Sunday, October 08, 2006

Day 38: Rabanal del Camino to El Acebo

"I have climbed highest mountain
I have run through the fields
only to be with you
but I still haven't found what I'm looking for"
-U2

Out by 8:00 in a dense fog. A lousy way to start the day. Todays route passed through Foncebadon and on to the Cruz del Ferro soon afterwards. Foncebadon is essentially a ruined village, just starting to come back to life on the back of the pilgrim trade. It still retains an eerie sense of abandonment, of something that will never be again.

The Cruz del Ferro was an intense experience. Debbie from New Mexico had been looking forward to this moment the whole camino. I walked with her the last few kilometers to the cross, and when we got there, it was obviously a very emotional moment for her.

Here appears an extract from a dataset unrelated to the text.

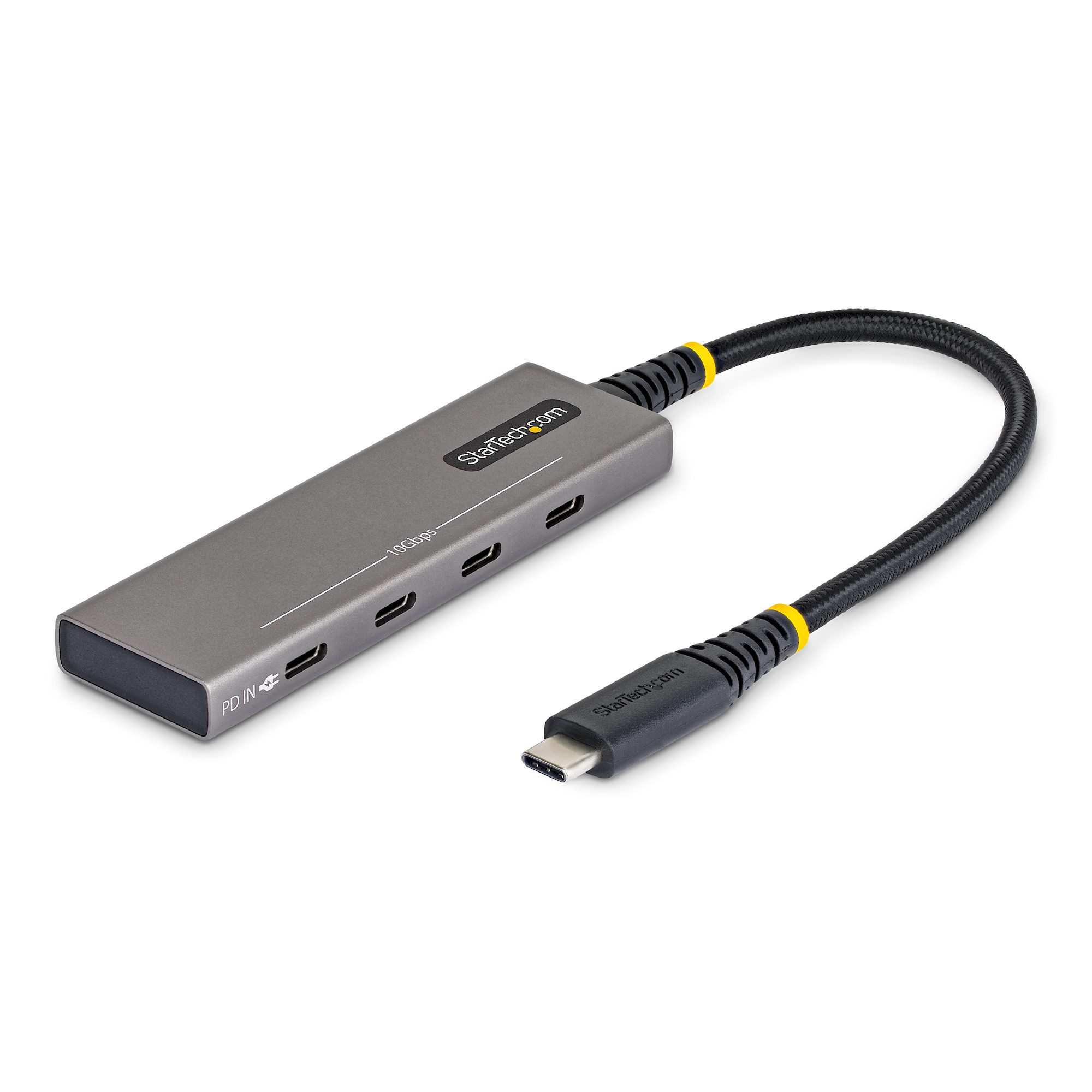 STARTECH.COM 4-Port USB-C Hub 10Gbps 100W Power Delivery 4x USB-C Ports Überstromschutz PCR-Aluminium für MacBook Dell ThinkPad HP (309B-USBC-HUB)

I didn't expect it to be for me, and I was making fun of it as recently as a couple of hours before that. As I walked up the pile to lay my rock down, I realized what the act meant for me. For 550km, I had been carrying this little piece of home with me. The camino asks you to give up a lot. You're comfortable lifestyle, your privacy, your sleep, etc. And here, just as the camino was winding down, it was asking you to let go of your piece of home. As if to make room in our hearts for something new. For a moment, I was acutely aware of how far I was from home, and all at once felt alone and yet connected to the millions of pilgrims before me who had left their piece of home here before me. My link to home now is whatever I can carry in my memory, in my heart and on my back. Home is where the heart is? No, just the opposite. The heart is where home is.

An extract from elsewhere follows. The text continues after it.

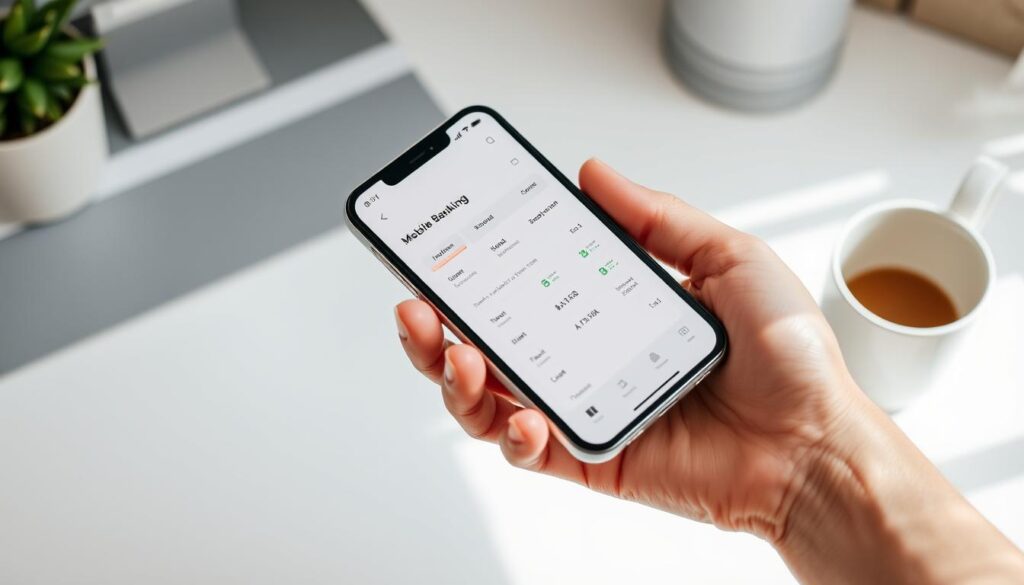 A modern mobile device held in a human hand, the screen displaying a mobile banking app interface with intuitive controls and clear financial information. The device is placed on a minimalist desk or tabletop, with a clean, clutter-free background emphasizing the simplicity and convenience of mobile banking. Soft, natural lighting illuminates the scene, creating a calm and approachable atmosphere. The composition highlights the accessibility and user-friendly nature of mobile banking, conveying a sense of financial empowerment and digital sophistication.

From the cross, the camino went steadily up the mountain slope. And at one point, rather abruptly up. Steepest slope I had ever seen; so much so that if I tried walking up, I'd end up losing ground from my feet slipping a bit. So I tackled it in the stupidest way possible; through a series of 9 or 10 sprints uphill, each lasting 20 seconds or so and another 40 to recover. It was freaking murder. The views at the top were spectacular, but I still have some trouble justifying the climb. Especially since, from the top, you could clearly see an easier way up to where I was. The rest of the road to El Acebo was glorious. Like walking across the roof of the world. I wish I had the words to describe how beautiful the scenery was; green mountains all around me, huge, but so close you'd swear you could touch them. I took lots of pictures, but the pictures will never do it justice. It was magnificent. You can´t help but feel like a king looking at that scene. I did, however, have the unnerving sensation that the family Von Trapp were going to jump out of a bush at any moment and accost me with close-harmony singing.

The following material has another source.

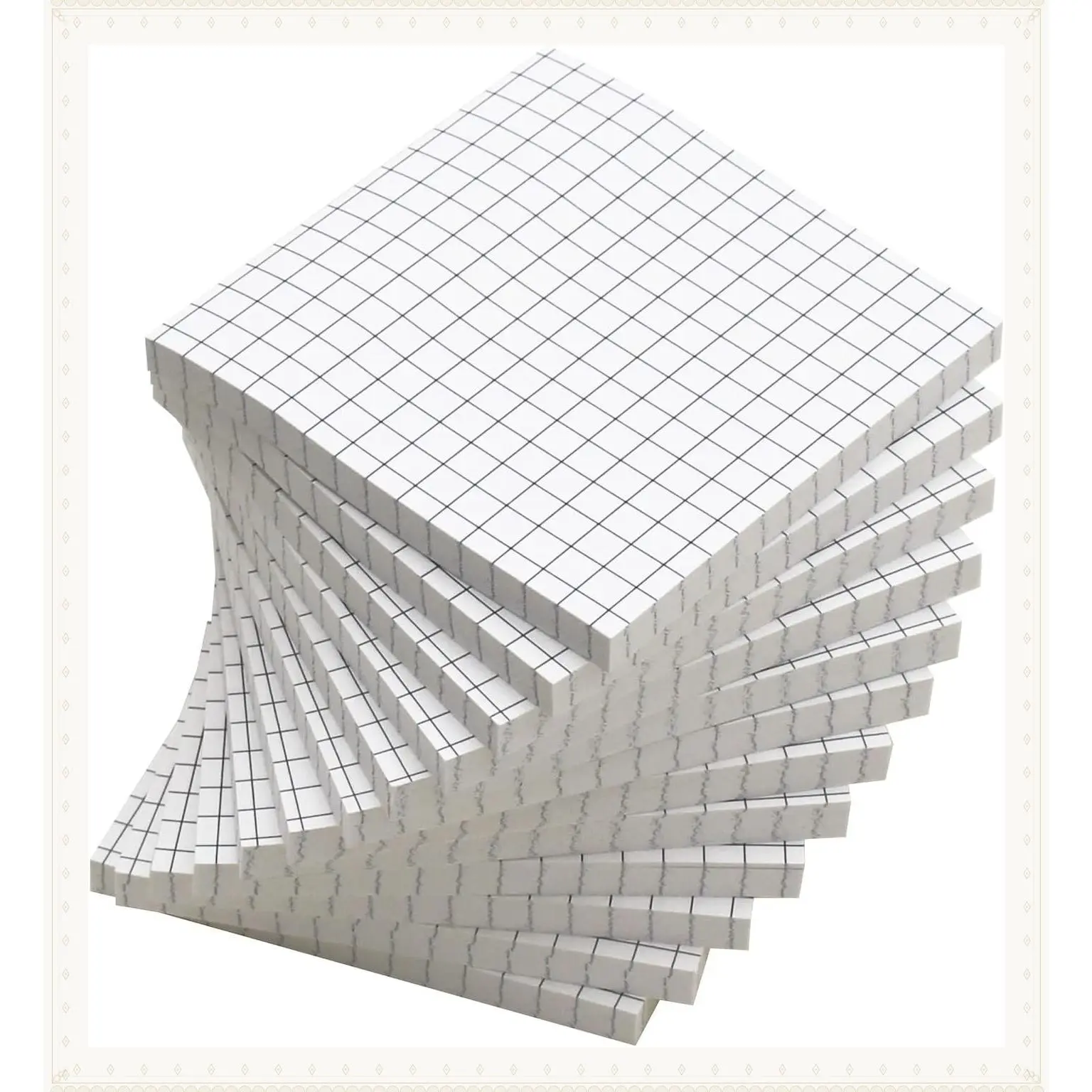 12 Pack Lined Grid Sticky Notes, 3x3 Inch Self-Stick Notes, Easy to Post for School, Office, Notebook, WhiteGift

Tomorrow is another short hop, only 16km into Ponferrada. Happy Thanksgiving everyone back home.

1 comment:

Anonymous said...

Wonderful entries, Anton. Your description of leaving your piece of home was very touching, and so true. You are truly eloquent and you should seriously think about using that talent. We missed you at Thanksgiving last night, but we were all happy you called.

Your sister, by the way...is a phone hog and as usual it's all about her. I would have liked to talk to you longer, but she can be such a pain. Okay, that's my rant for today.

The changes we go thorough in life are like the scenary changing around you. Sometimes the road is flat and just awful...and then we look up and see a beautiful mountain. Sometimes I think it's God playing a cruel joke on us. He's up there with Jesus doing comic relief or something.

Anyway...I'm looking forward to having you home. You should be proud of your accomplishments, I know I am of you.